A Palermo quanti sono i senza casa?

“I cosiddetti homeless, ossia chi non ha una dimora fissa, sono 2.800 persone. Molti però trovano accoglienza alla Caritas, nei dormitori del Comune o da Biagio Conte e in altre strutture. Non sono soluzioni adeguate ma hanno un tetto per la notte. Solo 200 o 300 dormono per strada. Ci sono poi le famiglie in emergenza abitativa, 2 mila nuclei. Tre quarti di questi stanno comunque in qualche posto, spesso non adeguati ma hanno un alloggio. Vivere in un garage in 4 persone non è comunque una soluzione. Molti hanno occupato abusivamente scuole, ex asili. Abbiamo avviato le procedure di gara per tre nuovi dormitori e tre centri diurni, destinati agli homeless. Ci sono poi una serie di iniziative correlate, che partono dalla regolarizzazione degli abusivi che, da anni, hanno occupato edifici pubblici, alleggerendo in questo modo la lista dell’emergenza. Stiamo poi recuperano beni confiscati e attraverso le misure Pon Metro, gli 80 milioni di cui si parlava prima, contrastare l’emergenza abitativa attraverso l’accompagnamento delle famiglie verso l’autonomia. Ma il problema più grosso è quello di costruire questi percorsi perché bisogna essere in due per farlo”.

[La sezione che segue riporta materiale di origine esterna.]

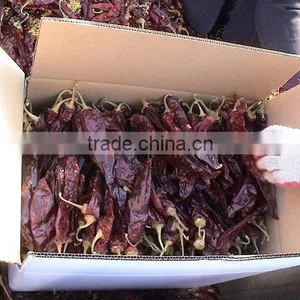 Sweet Paprika Pods thumbnail-1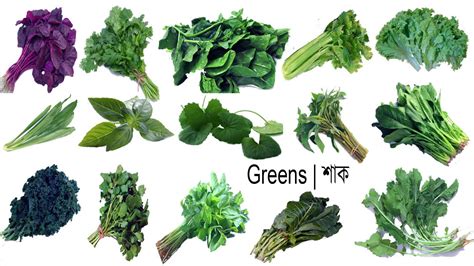 Greens Or Leafy Greens Names Meaning Image Necessary Vocabulary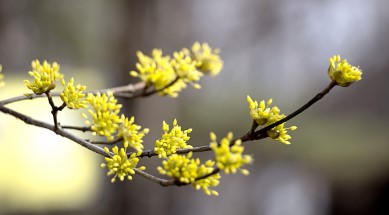 구례 산수유 축제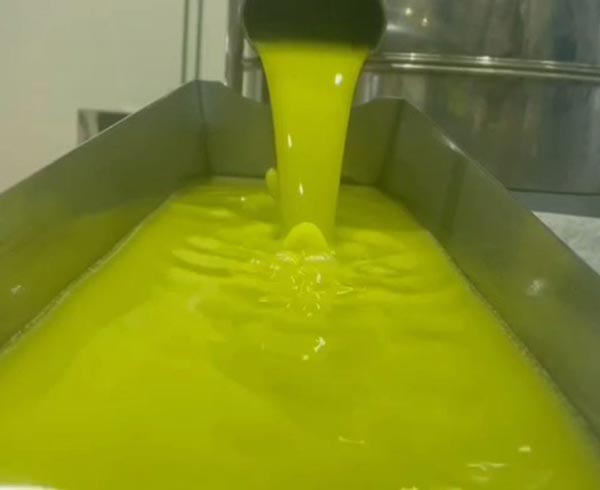 aceite de oliva virgen extra de primera prensada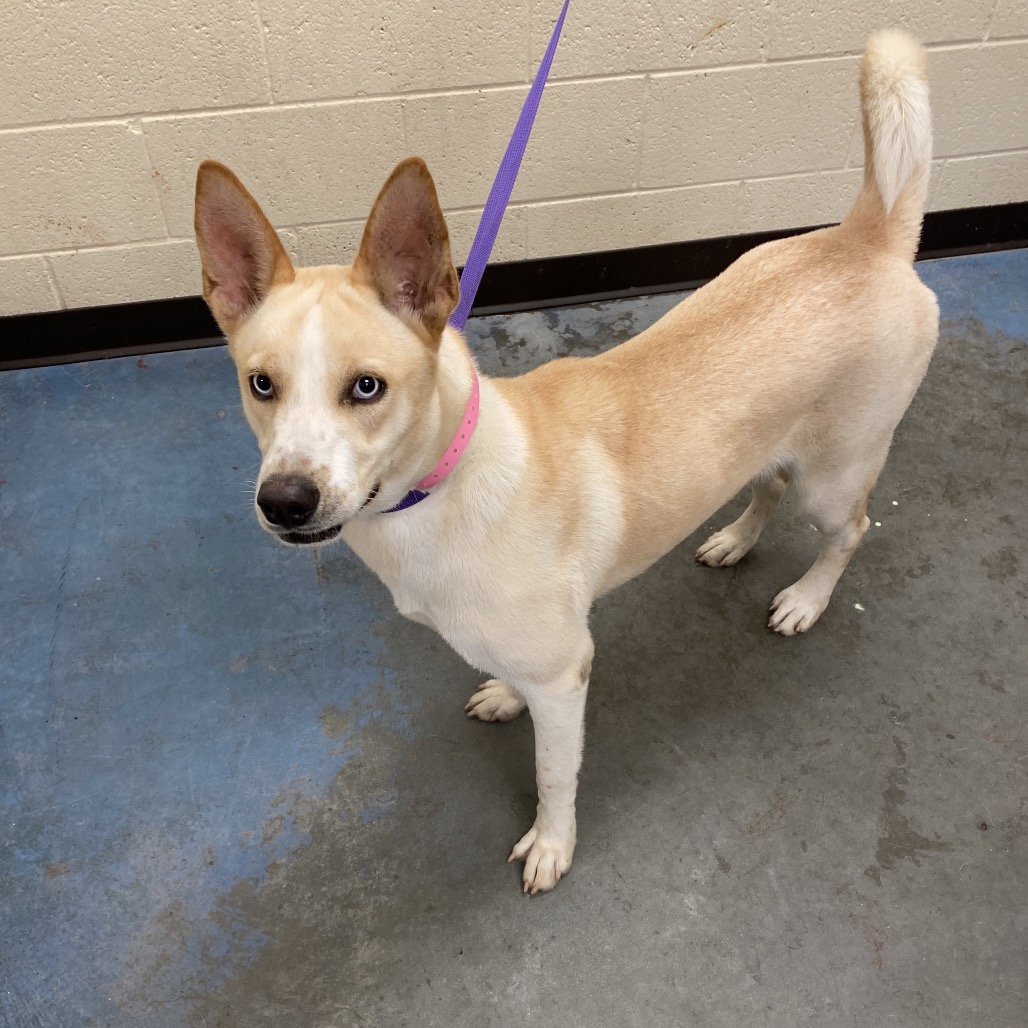 Alice — thumbnail 8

Significa che ci sono sacche di resistenza di chi continua a scegliere l’assistenzialismo?

“Sì. Le faccio un esempio. L’altro giorno ho detto a una signora: “Cercheremo di fare lavorare duemila persone”. Mi ha risposto: “Manco Berlusconi riceva tante fissarie”. Ecco, è necessario cambiare prospettiva da parte di tutti”.

Regolarizzare gli abusivi non potrebbe incentivare nuove occupazioni?

“Innanzitutto ormai ci sono ben pochi di immobili pubblici da occupare. Per di più la legge stabilisce che chi occupa ora non può essere più sanato. Quelle di cui parliamo sono di situazioni createsi molti anni fa, anche quindici o venti. Come fai oggi a buttarli fuori? Oggi però non pagano un canone, la regolarizzazione li costringerebbe a farlo e chi non paga, quello sì, verrà buttato fuori”.